To provide some background, we are developing a microservice that calculates engineering metrics by consuming data from various sources. This is a Spring Boot application that uses different Azure Event Hubs to consume data and a Postgres database to store calculated metrics and serve as an event store.

The following paragraphs will provide context on our tech stack and how it brings benefits to an event driven environment.

Event Store

An event store is a database that is specifically designed to store events in a way that allows you to track the current state of the system and replay events to restore the final state in case of issues. This can be useful for a variety of purposes, such as enabling time-travel debugging in software or implementing event-driven architectures in which microservices communicate with each other by sharing events.
There are several advantages to using an event store:

Persistence: An event store provides a permanent record of events, which can be useful for tracking changes over time and auditing purposes.
Scalability: An event store can handle a large number of events and support high-throughput scenarios, such as real-time event processing. By using parallel processing, we will be able to achieve greater scalability in the future.
Flexibility: An event store allows you to decouple the production of events from the consumption of events, which makes it easier to add new consumers or producers without affecting the existing system.
Event replay: An event store allows you to replay events for testing, debugging, developing new features, and recreating a state after outages or other corrupted data issues.

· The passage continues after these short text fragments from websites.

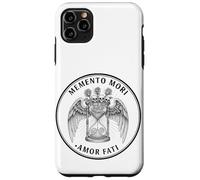 Memento Mori Amor Fati Sablier ailé Squelettes Coque pour iPhone 11 Pro Max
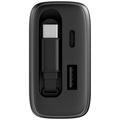 Caricabatterie da parete Energea Ampcharge Arc 65 GaN con cavo USB-C retrattile - Canna di Fucile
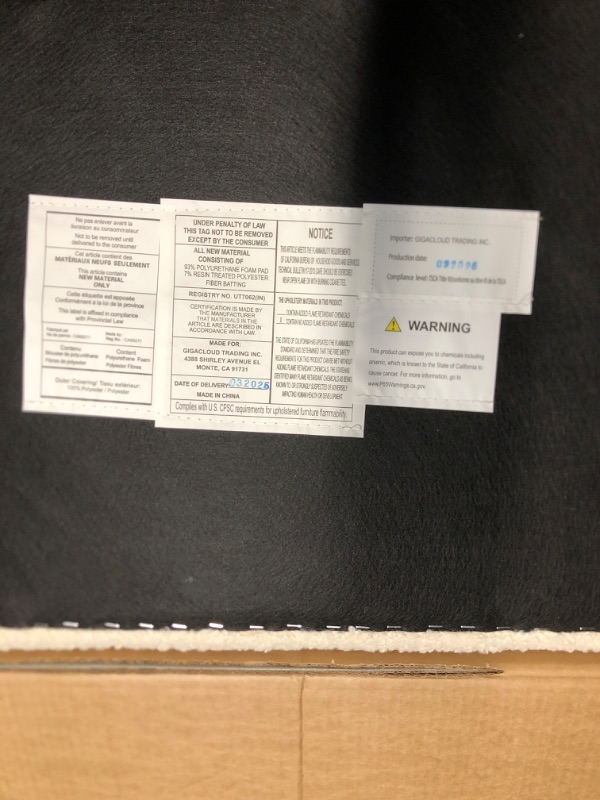 Photo 4 of Christopher Knight Home Boucle Ottoman, Rectangular Ottoman Bench, Foot Rest Bench, 60.25" Long Side Stool, Soft Seating, Upholstered Foot Stool for Living Room, Entryway and Bed Room, 250lbs Gray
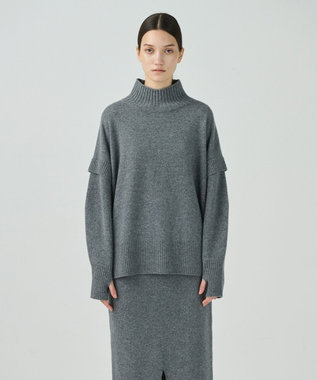 GRACE CONTINENTAL クーマラムニットトップ グレー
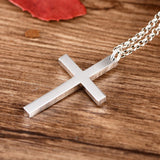 925 Silver Jesus Cross Pendant Necklace Christian Gift Jewelry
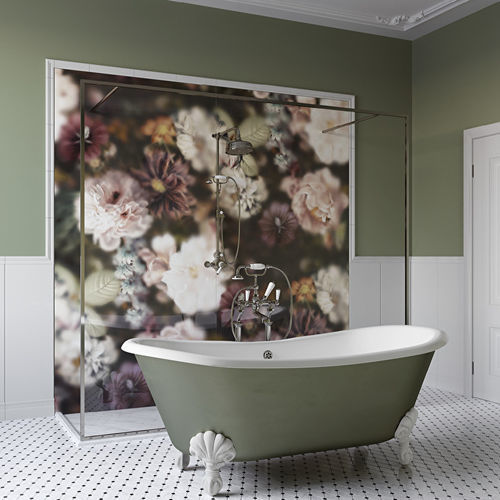 Panneau décoratif. en céramique - BLOSSOM DARK A - Devon&Devon - pour agencement intérieur / lisse / ignifuge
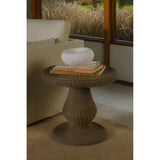 Emmeline Natural Outdoor Side Table - Ornate Home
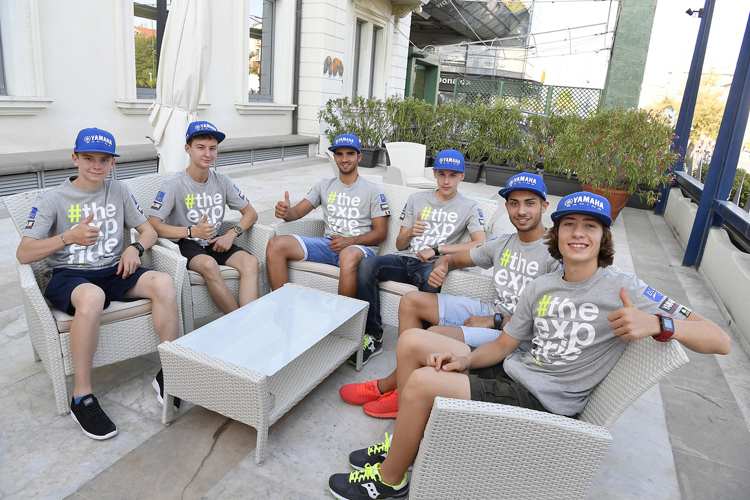 Vorfreude auf das Training: Die Teilnehmer des vierten Yamaha VR46 Master Camps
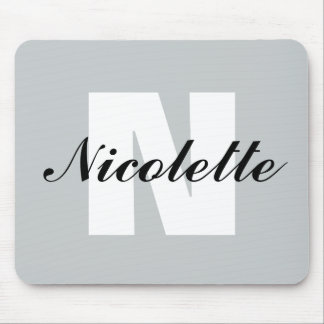 Monogramm und Name Mousepad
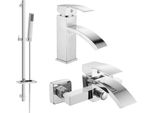 Mexen Libra DQ77 Set Da Bagno, Cromo - 745103DQ77-00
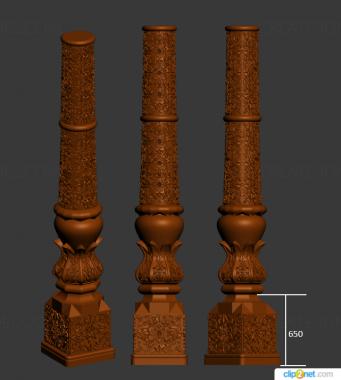 Pillar (ST_0400) 3D model for CNC machine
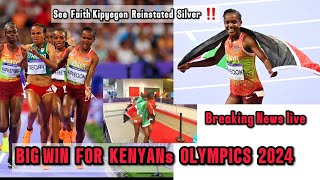 BIG WIN OLYMPICS 2024 for KENYA as FAITH KIPYEGON Silver Medal is Reinstated BEATRICE CHEBET RACE [upl. by Oriana]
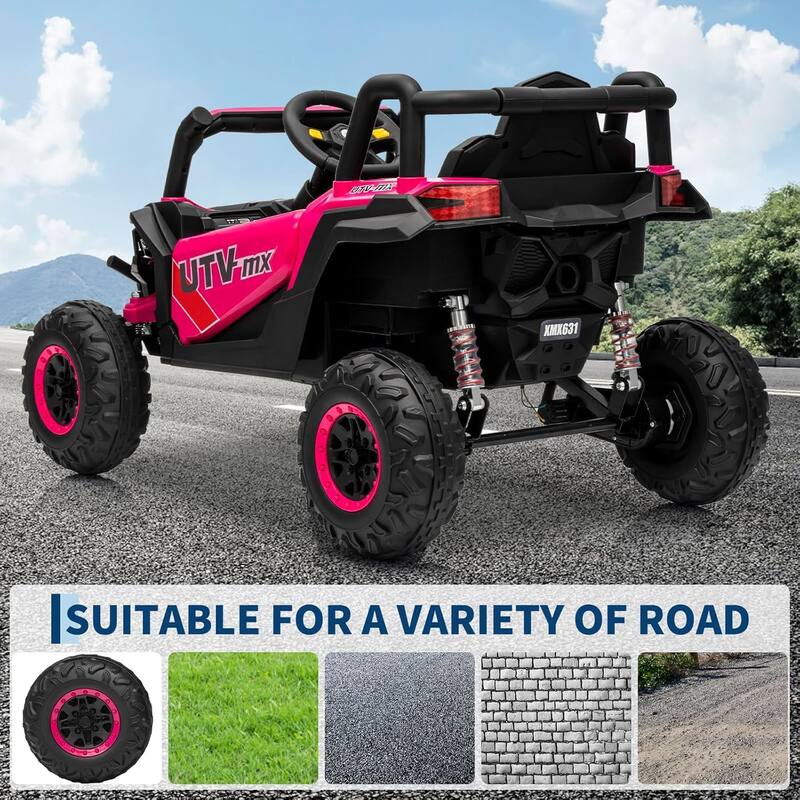 12V Kids Ride On Car,UTV Truck with Remote Control,Electric Vehicle with 4 Spring Suspension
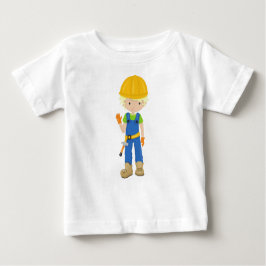 Bauarbeiter, Blondhaar, Niedlicher Junge, Hammer Baby T-shirt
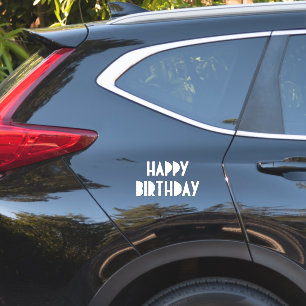 Happy Birthday Custom Simple Minimal White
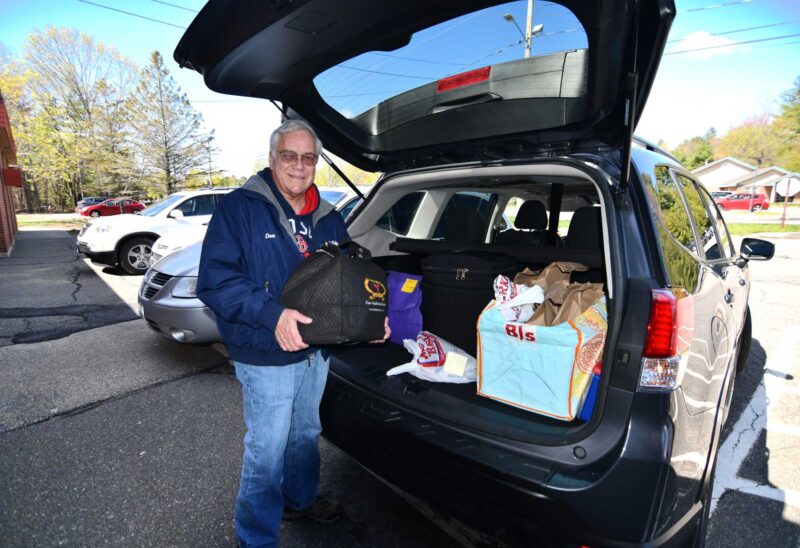 Stafford Meals on Wheels volunteer driver, Don. (Courtesy photo.)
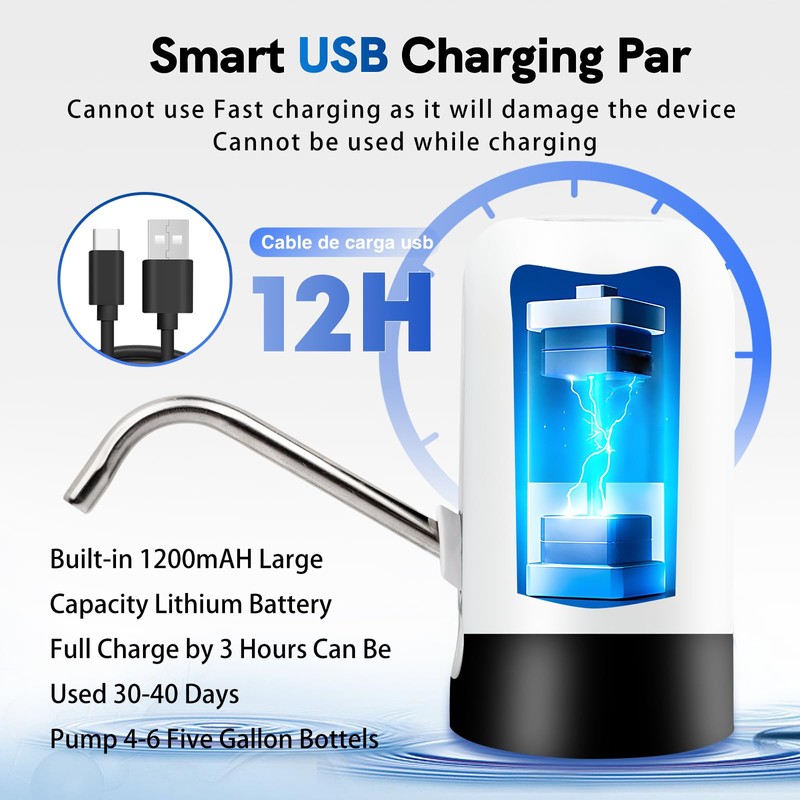 Automatic Water Dispenser, USB Charging Distributor, Removable and Convenient for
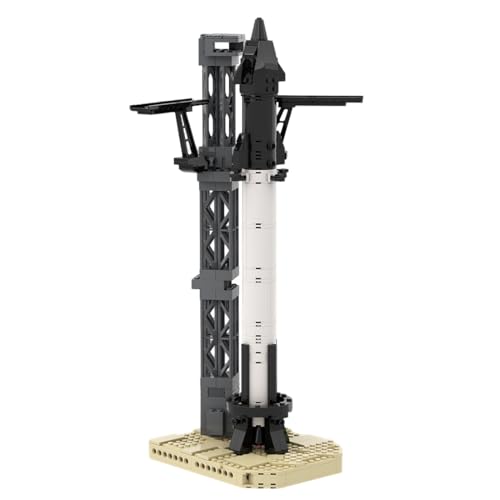 Sci-Fi Space Scene Bricks Kit, Starship Building Blocks Set (373PCS) - style: Starship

Using non-blocking I/O with Event Hub can also provide several benefits when using an event store. Since Event Hub is not blocked waiting for a response from a client, it can continue to process other requests and maintain high availability. This can help to ensure that your event store remains available and responsive even in the face of failures or performance issues with individual clients.

Event Processing

An event processor is a component of an event-driven architecture that is responsible for reading events from the event store and processing them according to specific rules or logic. It typically reads data from the event store on a scheduled basis or with a trigger and performs tasks such as filtering, enriching, and transforming the events as they are consumed.

Initial Architecture of async parallel processing

One of the main advantages of having an event-driven architecture and working with Event Hubs is that there is already a high level of performance through concurrency and parallel processing on the event consuming side available out of the box. For our microservice, we wanted to ensure that we can leverage this parallel processing paradigm to have a very performant service throughout the whole data stream. Our initial architecture had event processors that would process events saved in our event store asynchronously as soon as a new event arrived. We saved the event in the event store and triggered an async flow via the consumer client to process it. The consumer client initiates the async flow. However, we encountered several issues with this approach, the most obvious of which was a race condition.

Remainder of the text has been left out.